Each entry below is to be given again word for word, with no pictures.

[Records to process]
☆ ☆ ☆ ☆ ☆ ☆ ☆

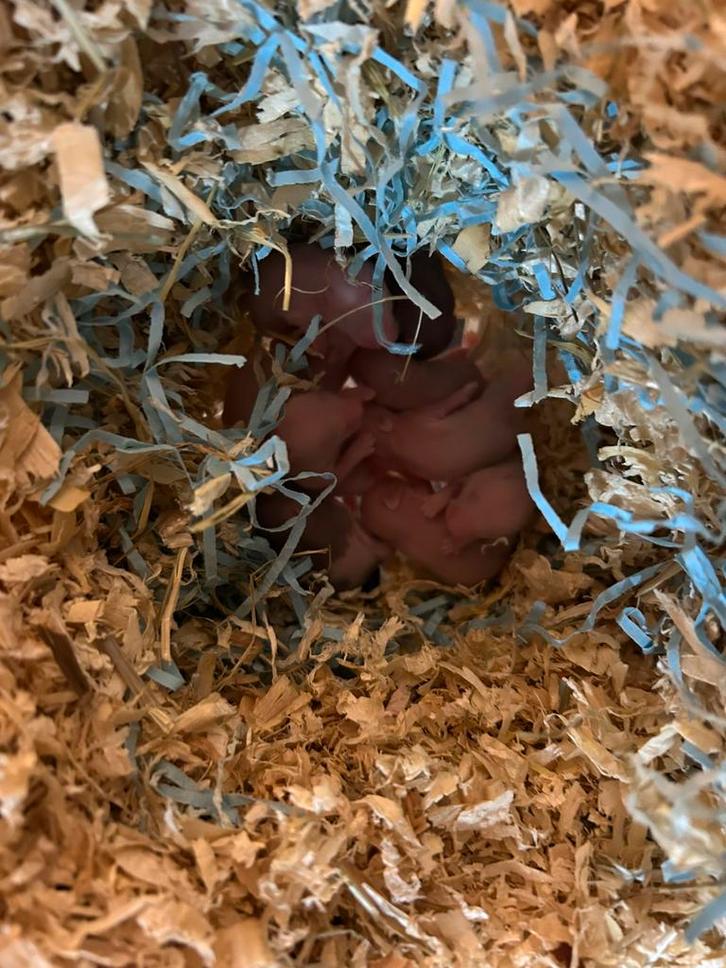 Syrische hamster / goudhamsters, Dieren en Toebehoren, Knaagdieren, Meerdere dieren, Hamster, November, Tam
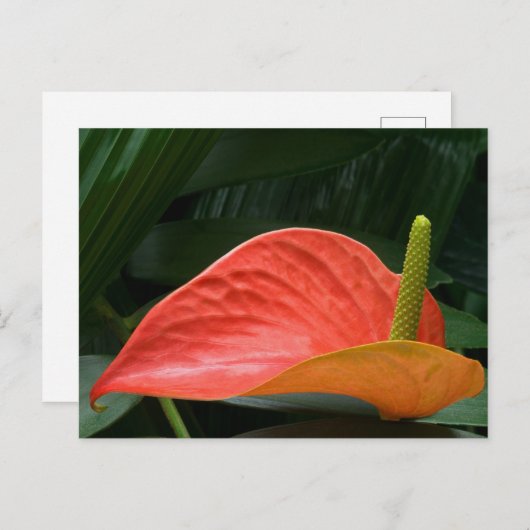 Carte Postale Plante de l'anthurium rouge contre le feuillage (Devant / Derrière)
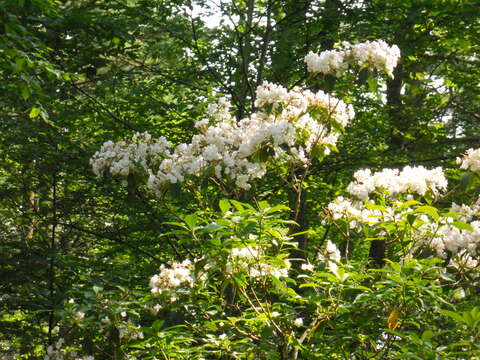 Image of mountain laurel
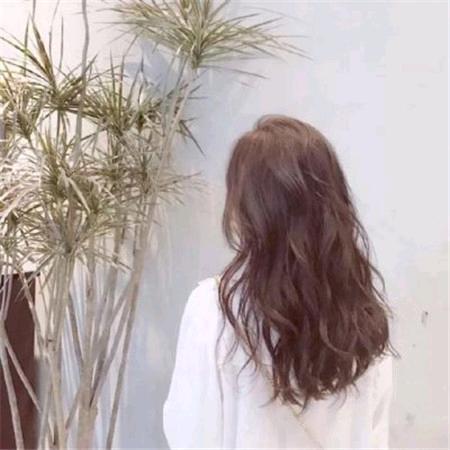清风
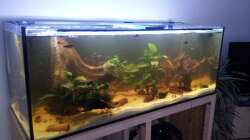 Aquarium Südamerika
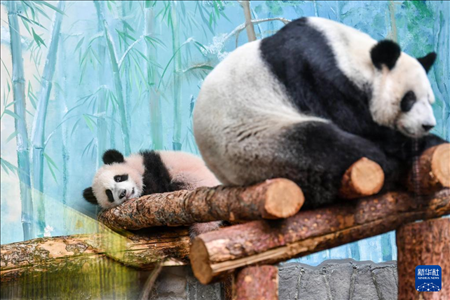 這是3月8日在俄羅斯莫斯科動物園拍攝的大熊貓“喀秋莎”（左）和媽媽“丁丁”。新華社記者 曹陽 攝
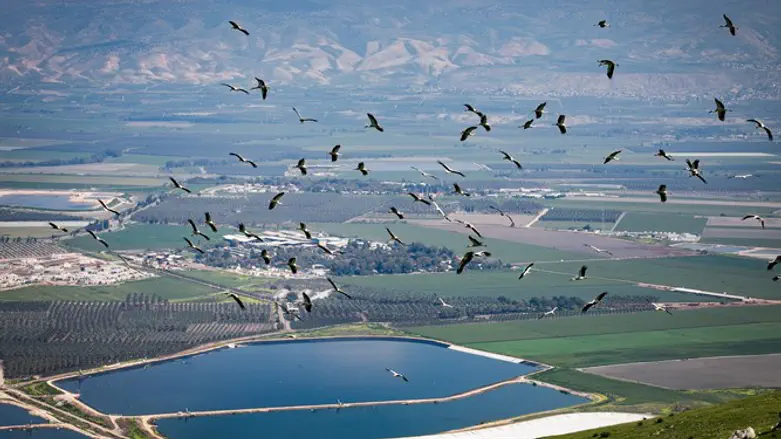 Storks fly over Beit Shean Valley in northern Israel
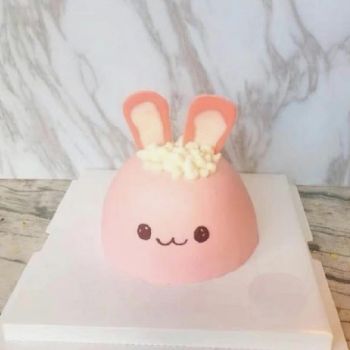 kid cake K2018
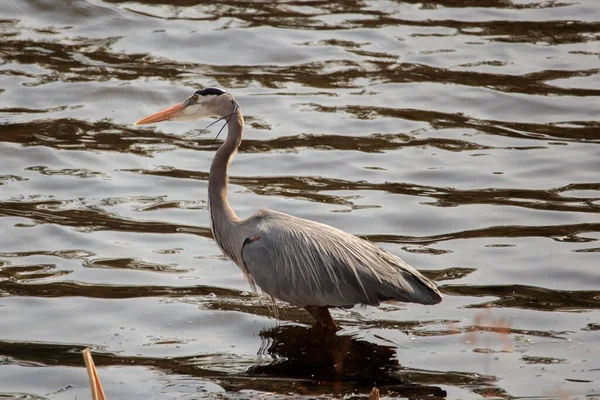 Vista Cerca Una Gran Garza Azul Posándose Agua —  Fotos de Stock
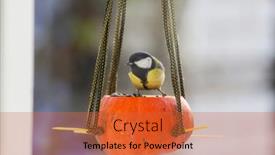  Presentation with seed - Presentation design consisting of greater-titmouse-bird-sitting background and a red colored foreground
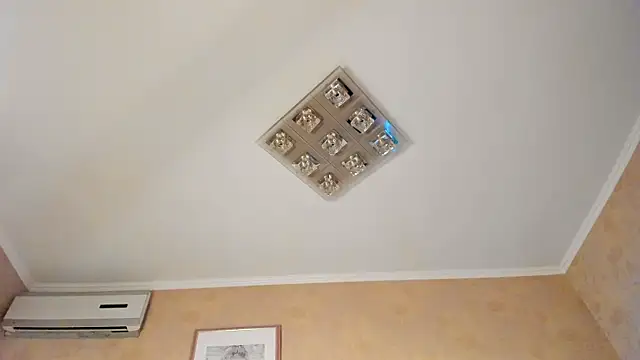 Diamond_D_'s Live XXX Chat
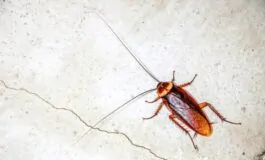 Blatte in casa: perché ci infestano e come prevenirne la presenza
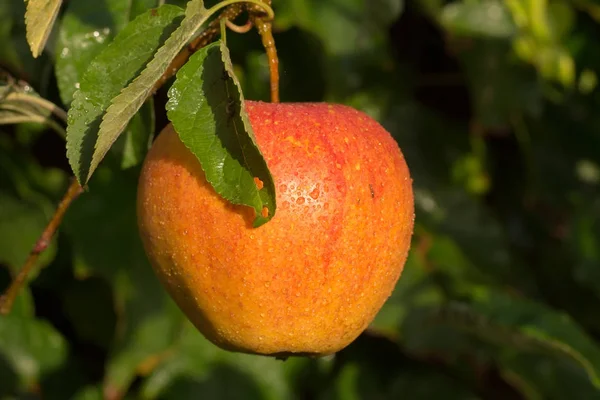 Ώριμα βιολογικό μήλο Braeburn σε Μηλιά — Φωτογραφία Αρχείου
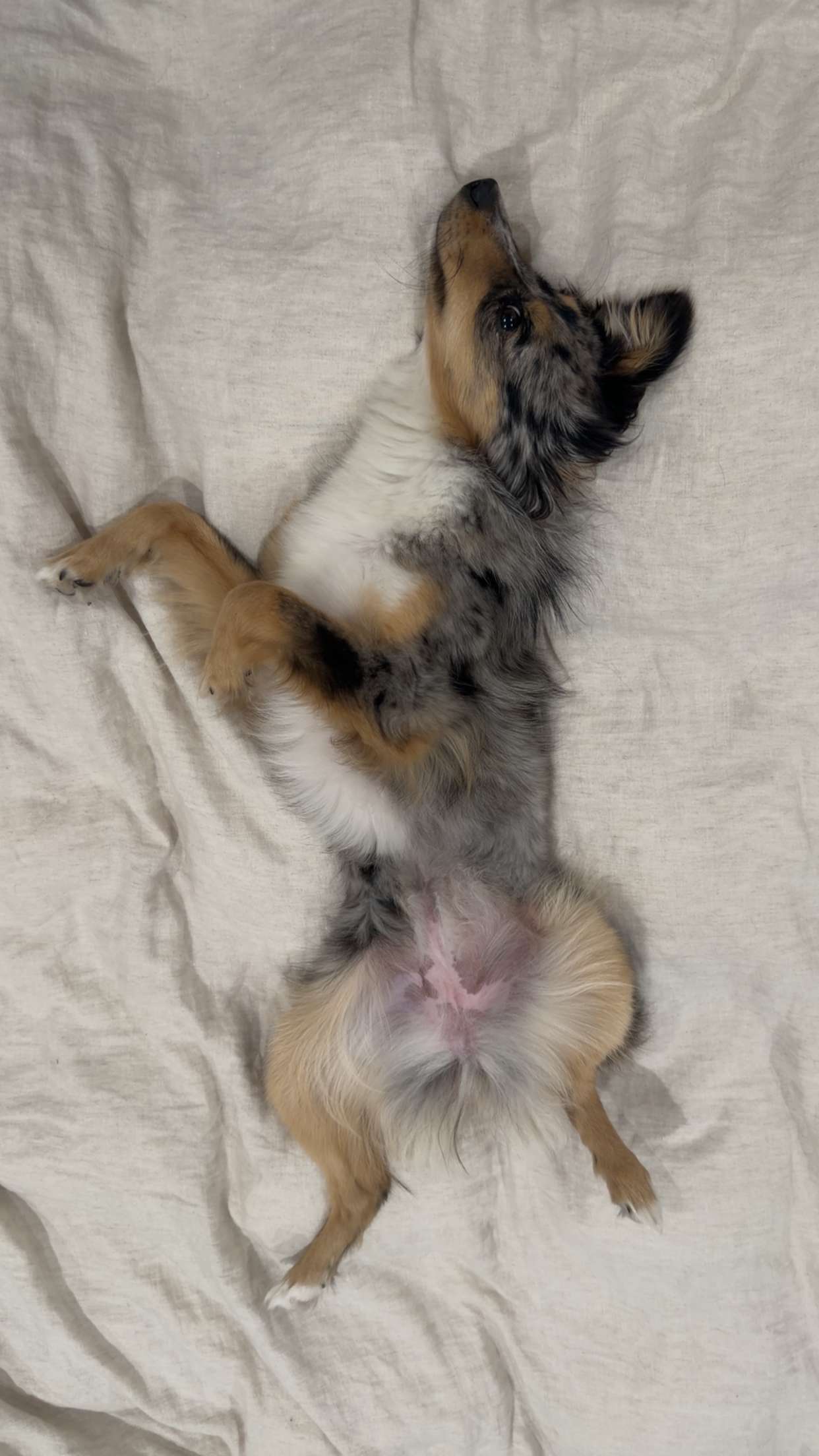 sadie.mckenna snapchat image archive image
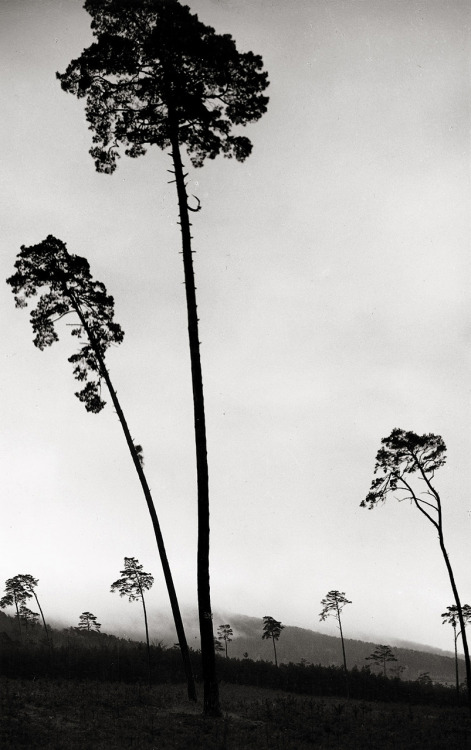 untitled photo by Robert Bothner, Italy 1950s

☆ ☆ ☆ ☆ ☆ ☆ ☆

[Exercise response]
 Syrische hamster / goudhamsters, Dieren en Toebehoren, Knaagdieren, Meerdere dieren, Hamster, November, Tam
 Carte Postale Plante de l'anthurium rouge contre le feuillage (Devant / Derrière)
 Image of mountain laurel
清风
 Aquarium Südamerika
 這是3月8日在俄羅斯莫斯科動物園拍攝的大熊貓“喀秋莎”（左）和媽媽“丁丁”。新華社記者 曹陽 攝
 Storks fly over Beit Shean Valley in northern Israel
 kid cake K2018
 Vista Cerca Una Gran Garza Azul Posándose Agua —  Fotos de Stock
  Presentation with seed - Presentation design consisting of greater-titmouse-bird-sitting background and a red colored foreground
 Diamond_D_'s Live XXX Chat
 Blatte in casa: perché ci infestano e come prevenirne la presenza
 Ώριμα βιολογικό μήλο Braeburn σε Μηλιά — Φωτογραφία Αρχείου
 sadie.mckenna snapchat image archive image
 untitled photo by Robert Bothner, Italy 1950s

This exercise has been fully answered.